Estas son solo pinceladas de un Jardín de las delicias donde se han perdido los dos primeros retablos. Una generación mordida por El grito, por La marcha de los hurones, por 27 pulgadas de vacío. Estas cartas son un Acta: “Y como yo estoy muerto / entre mis nieblas quietas sobre mis claustros reducidos a mí / devorando mi pupila angular un manjar de silencios / me observa nadie / ni siquiera el espectral reflejo en que me estudio / alcanza a continuar mi irracional concepto entre sus reglas”.

Son jóvenes incómodos, algo libre entre las llamas, muchos de ellos homosexuales, de bajo rango frente a un alto Lunes de Revolución o, como bien nos dice el autor en una escena hilarante —porque aquí, en estas cartas, también hay espacio para la carcajada—: “Y se ve uno, después de un provisional periodo de calma, de nuevo entregado a las chupaduras asquerosas de las nuevas generaciones de ladillas”

Sí, eran ladillas en los testículos y en el ano de los cancerberos, pulgas de acero hincadas en el ojo de la bestia, que amenaza con su furia habitual: “Ese Puente lo vuelo yo”, según nos confirma un texto crítico de Silvia Cezar Miskulin, publicado en el libro Ediciones El Puente en La Habana de los años 60, editado por Jesús J. Barquet. 

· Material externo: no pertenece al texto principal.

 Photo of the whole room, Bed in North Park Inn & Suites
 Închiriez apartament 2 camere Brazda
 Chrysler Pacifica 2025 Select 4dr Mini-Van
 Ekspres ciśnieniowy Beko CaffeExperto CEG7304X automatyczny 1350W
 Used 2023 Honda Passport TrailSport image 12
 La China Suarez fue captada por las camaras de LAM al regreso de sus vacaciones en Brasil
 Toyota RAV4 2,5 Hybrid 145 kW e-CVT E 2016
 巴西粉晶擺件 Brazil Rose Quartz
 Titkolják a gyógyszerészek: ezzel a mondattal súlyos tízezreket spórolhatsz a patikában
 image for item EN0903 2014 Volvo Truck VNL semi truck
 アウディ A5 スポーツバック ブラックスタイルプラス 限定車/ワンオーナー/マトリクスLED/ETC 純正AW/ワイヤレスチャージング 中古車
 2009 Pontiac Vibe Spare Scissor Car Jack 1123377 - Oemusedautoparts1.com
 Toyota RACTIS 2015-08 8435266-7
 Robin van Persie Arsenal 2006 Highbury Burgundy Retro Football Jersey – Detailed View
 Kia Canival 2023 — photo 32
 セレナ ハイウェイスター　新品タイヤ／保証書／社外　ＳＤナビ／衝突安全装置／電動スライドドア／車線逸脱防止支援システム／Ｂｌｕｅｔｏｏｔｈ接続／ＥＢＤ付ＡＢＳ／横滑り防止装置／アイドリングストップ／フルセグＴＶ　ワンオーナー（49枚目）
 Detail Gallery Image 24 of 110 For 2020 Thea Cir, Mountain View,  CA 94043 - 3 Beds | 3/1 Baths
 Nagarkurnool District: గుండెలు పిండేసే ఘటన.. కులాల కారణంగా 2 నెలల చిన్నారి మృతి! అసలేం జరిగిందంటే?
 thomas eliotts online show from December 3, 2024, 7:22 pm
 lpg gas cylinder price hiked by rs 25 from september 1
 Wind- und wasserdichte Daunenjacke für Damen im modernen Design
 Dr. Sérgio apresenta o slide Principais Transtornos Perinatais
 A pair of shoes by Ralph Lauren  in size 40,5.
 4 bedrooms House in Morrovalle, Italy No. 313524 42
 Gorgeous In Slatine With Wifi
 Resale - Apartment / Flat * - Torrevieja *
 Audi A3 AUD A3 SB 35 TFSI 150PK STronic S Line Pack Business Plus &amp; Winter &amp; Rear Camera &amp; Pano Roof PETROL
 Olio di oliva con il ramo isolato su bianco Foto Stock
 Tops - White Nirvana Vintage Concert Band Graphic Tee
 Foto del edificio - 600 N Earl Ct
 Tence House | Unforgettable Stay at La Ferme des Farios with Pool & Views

Como a través de una cortina honesta —y valiente también, porque en aquella época una sola palabra (o un silencio prolongado) te costaba la vida o años de cárcel—, vemos una Habana y toda una nación despeñándose ante lo inevitable, su terrible destino, su presente inmediato. 



Reinaldo García Ramos y Ana María Simo.


Palpamos una Cuba literaria que se va degradando a gran velocidad bajo las manchas del miedo y la conveniencia, el puestecito tímido, el premiecito vacuo. A lo largo de la lectura nos vamos preguntando cómo sobrevivieron ellos, esos a quienes el “triunfo” sorprendió muy jóvenes y luego los laceró por ser muy poco optimistas: “Estoy sufriendo esta realidad injusta que me ha obligado a perder varios años de mi vida rumiando tristemente las perspectivas de una escapatoria, y que amenaza con arrebatarme todavía algunos años más de mi existencia. […] Estoy, sin duda, embrutecido, al menos completamente deslumbrado por el espectáculo de mi propia depauperación individual”. 

El personaje queda sin palabras, sin papel, sin nada por dentro, solo para anunciarnos el verdadero y último aldabonazo, la señal de alarma, las luces rojas aullando en la tormenta, el sonido del metal contra el metal en la puerta derruida. Sus pasos están guiados por la fuga o por la caída precipitada de aquella ciudad celeste no apta para “pervertidos”, “feminoides”, “pelúos”, “seres extravagantes” que engrosaban las listas de vastos campos de reformación o de la melancolía perpetua. 

Una amiga en París: Cartas 1968-1972, de Reinaldo García Ramos, es un libro imprescindible para comprender el espíritu y el desamparo de una generación de nuevos intelectuales —en su mayoría— que terminaron presos, locos o muy lejos de la Isla. 

Es un testimonio único que deja profundas huellas en la mente. Una versión epistolar de Conducta impropiaEl central, incluso, en ocasiones, de Boarding Home o de Fuera del juego, pero siempre de un Lenguaje de mudos. Es el ariete contra el muro de la injusticia: la llave en el hermetismo del exilio. 

El dibujo de la portada es una pupila frente al mar. El hombre solitario masculla sus palabras en medio del silencio. Las paredes y las calles lo van apretando, pero él insiste en decir su verdad, su suicida verdad, que plasma en hojas blancas: “Uno insiste un poco más, por puro azar, y de algún modo conserva esperanzas. Pero se aísla en un páramo de estridencia y estupidez. ¿Quién es el que gana?”